There was nothing to be done. In Utah, as in most states, job discrimination against gays and lesbians was perfectly legal.

Critics of Indiana’s “religious freedom” law accuse state politicians of handing bigots a “licence to discriminate.” The national uproar may obscure a relevant fact: discrimination against gays and lesbians people is already allowed in much of the country.

Utah, for example, doesn’t have an Indiana-like religious freedom law. But until three weeks ago, the state had never included sexual orientation or gender identity on its list of prohibited grounds for discrimination.

If a city didn’t impose its own restrictions, homophobic landlords and corporate managers could do as they pleased. They took advantage: Williams, now executive director of Equality Utah, said he collected enough distressing stories to fill “books.”

“Everything,” he said. “People getting fired from their jobs. Evicted from their homes. Et cetera.”
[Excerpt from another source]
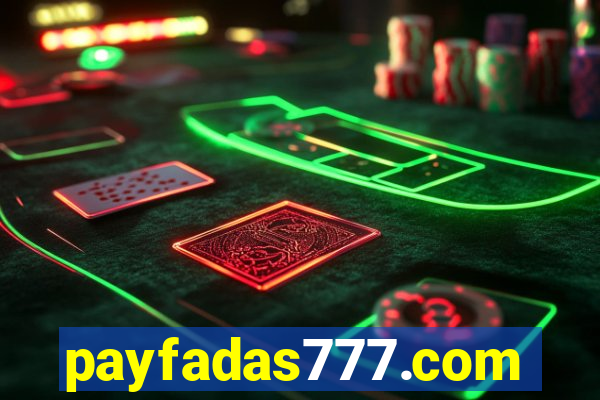 payfadas777.com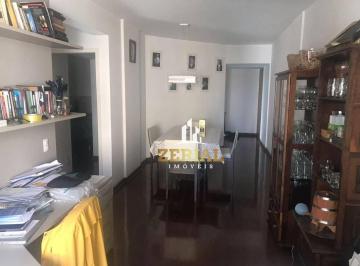 5c07239aa25f13838734611cfcbd24c14bdf517b · Apartamento à venda, 92 m² por R$ 750.000,00 - Santo Antônio - São Caetano do Sul/SP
Utah’s new law, passed with the once-unthinkable endorsement of Mormon religious leaders, forbids anti-gay discrimination in housing and employment. The law permits discrimination in public accommodations like stores and restaurants, but the gay community in one of America’s most conservative places is celebrating more than complaining: fewer than half of the 50 states offer any protections at all.

Undeterred by the crisis engulfing Indiana, the Arkansas legislature passed a similar religious freedom law on Tuesday. Indiana Gov. Mike Pence held a morning news conference to announce he would “fix” his law to make clear that it does not allow discrimination.

Both the Indiana and Arkansas laws allow residents to challenge any other law that would put a “substantial burden” on their exercise of religion. Some legal experts believe that language might allow discrimination against gays and lesbians trying to purchase wedding services.

The symbolism is powerful. In vast swaths of both states, the impact is nonexistent: businesses in most of Indiana and Arkansas have always been allowed to turn away same-sex couples.

The practical question is whether the new laws will trump the anti-discrimination laws of cities like Indianapolis and Little Rock — and, crucially, the laws of the future.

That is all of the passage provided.